Power Struggles Continue as Kim Jong-un Ousts Spy Chief

  • By Kim Myong-song

    February 06, 2017 12:25

    North Korean leader Kim Jong-un has sacked the chief of his secret services amid ongoing power struggles in the reclusive country.

    The Unification Ministry on Friday said the North's State Security Minister Kim Won-hong was dismissed in mid-January on charges of corruption and abuse of power. He was demoted from a four-star to a one-star general.

    Several vice ministers appear to have been executed. Unification Ministry spokesman Jeong Joon-hee said Kim is still under "intense" investigation.

    Kim Jong-un unprecedentedly admitted "shortcomings" as a leader in his New Year's address last month. This appears to have been a prod to other officials to make similar confessions, which could be used to justify a widespread purge.

    Choe Kyong-hui, a researcher at Hanyang University and North Korean defector, said, "Since Kim Jong-un rose to power, the Workers Party, military and cabinet have all experienced purges, but the state security apparatus had been left untouched. As Kim marks his sixth year in power, he seems to be turning to secret service and law enforcement agencies to complete his overhaul of the system."

    Other pundits say the sacking of Kim Won-hong is a precursor to a nationwide purge.
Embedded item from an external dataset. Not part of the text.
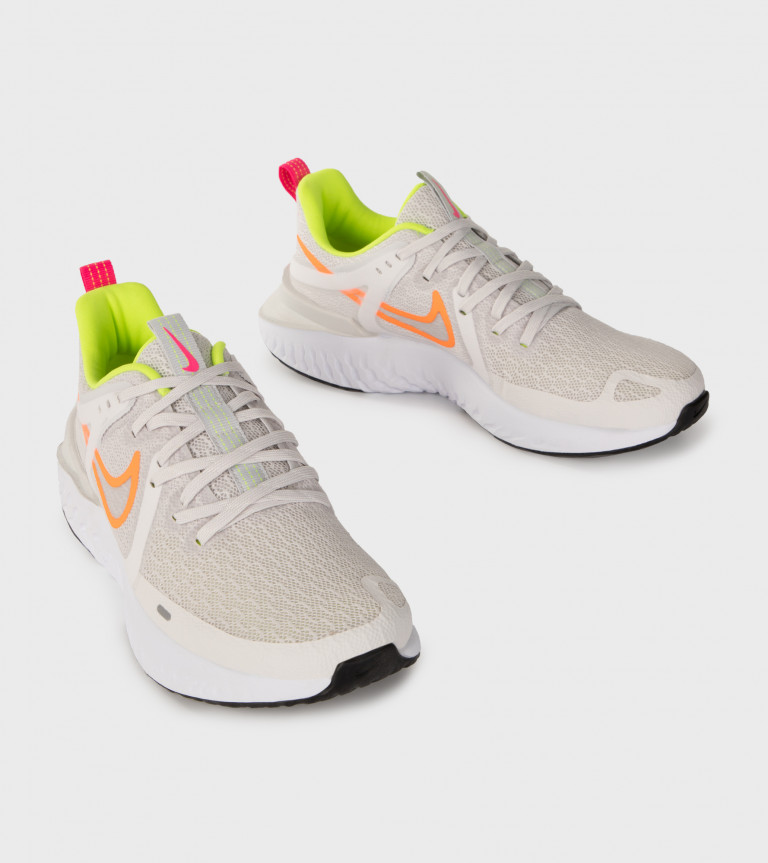 Кроссовки женские Nike Legend React 2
In his New Year's address, Kim ordered the mobilization of all North Koreans, which could mean not only press-ganging ordinary people into major construction projects but also a purge of officials who fail to meet deadlines or cut corners.

    The North Korean elite is already on edge, and they are likely to get more jittery. One source said one director in the Workers Party died during interrogation by the State Security Ministry even though he had been praised by Kim Jong-un for his good work. "There is a chance of an intensifying power struggle as senior party officials seek to settle vendettas," the source added.

    Kim has carried out several brutal purges since he came to power in late 2011 to strengthen his grip among entrenched privilege.

    The Institute for National Security Strategy here said in a recent white paper that the North Korean regime has executed 340 officials and ordinary people, including Kim Jong-un's uncle Jang Song-taek, who had arrogated most of the trade with China to himself.